Your copy should start at the line with "realistic girl halloween split" and end at the line with "A view of the" in the data below. Transcribe only those lines, exactly, pictures excluded.

■ **Extracted data**
++++++++++++++++++++

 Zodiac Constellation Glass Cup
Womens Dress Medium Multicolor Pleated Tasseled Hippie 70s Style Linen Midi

++++++++++++++++++++

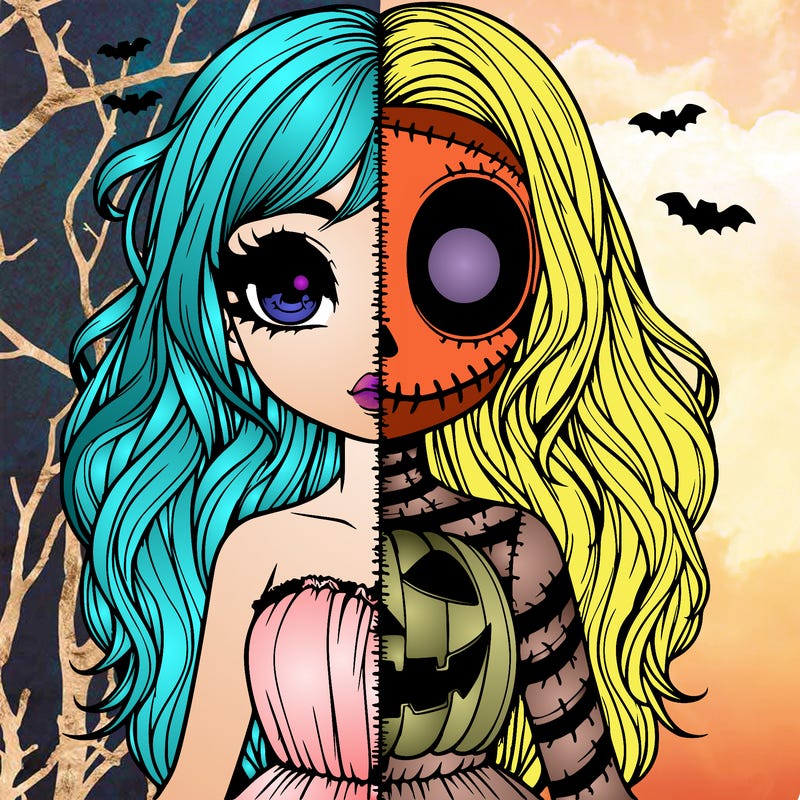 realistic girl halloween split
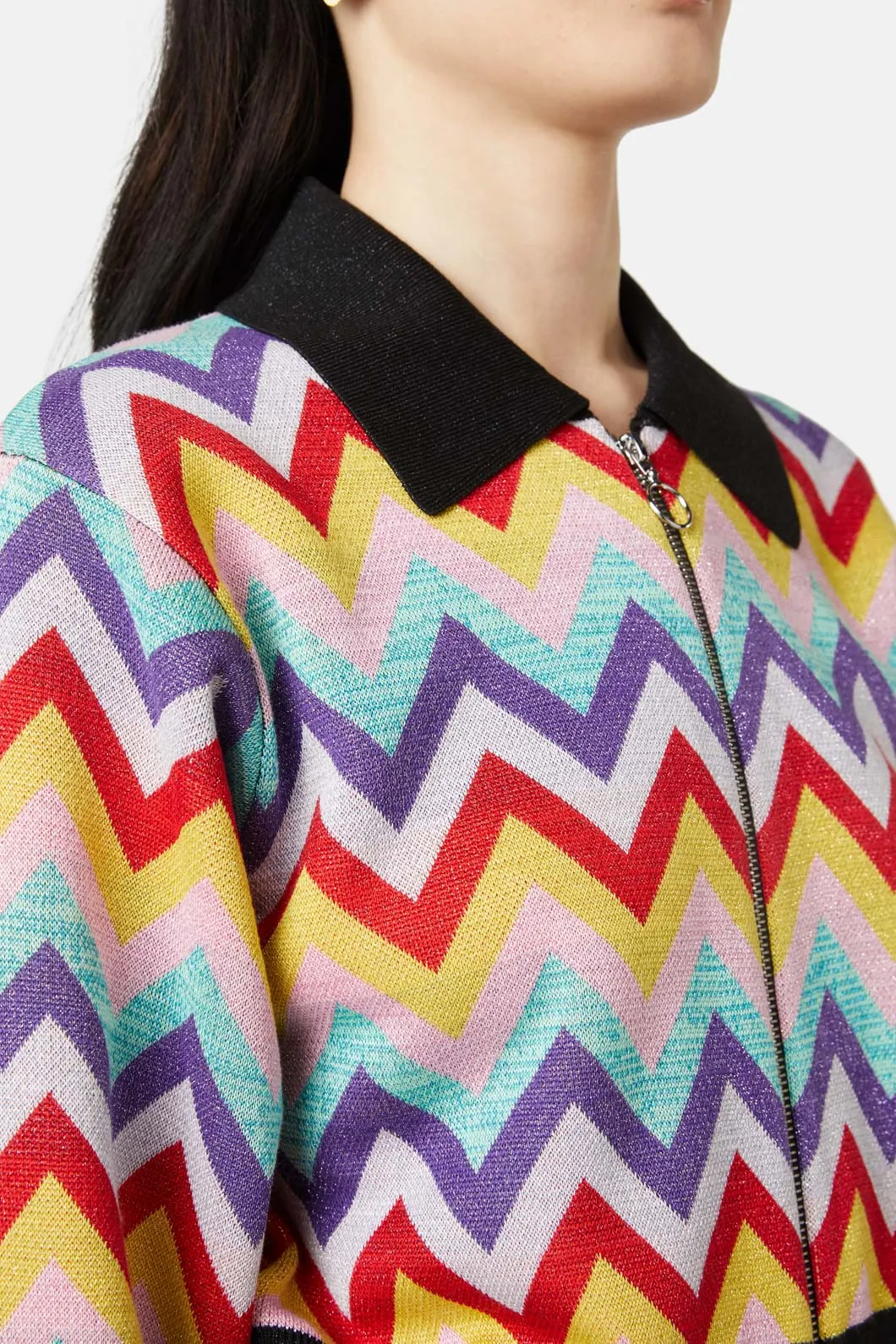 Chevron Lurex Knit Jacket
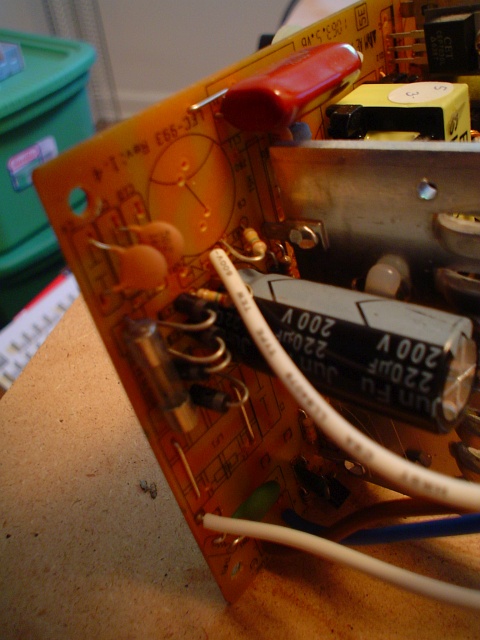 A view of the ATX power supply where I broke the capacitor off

++++++++++++++++++++

■ **Reply**
 realistic girl halloween split
 Chevron Lurex Knit Jacket
 A view of the ATX power supply where I broke the capacitor off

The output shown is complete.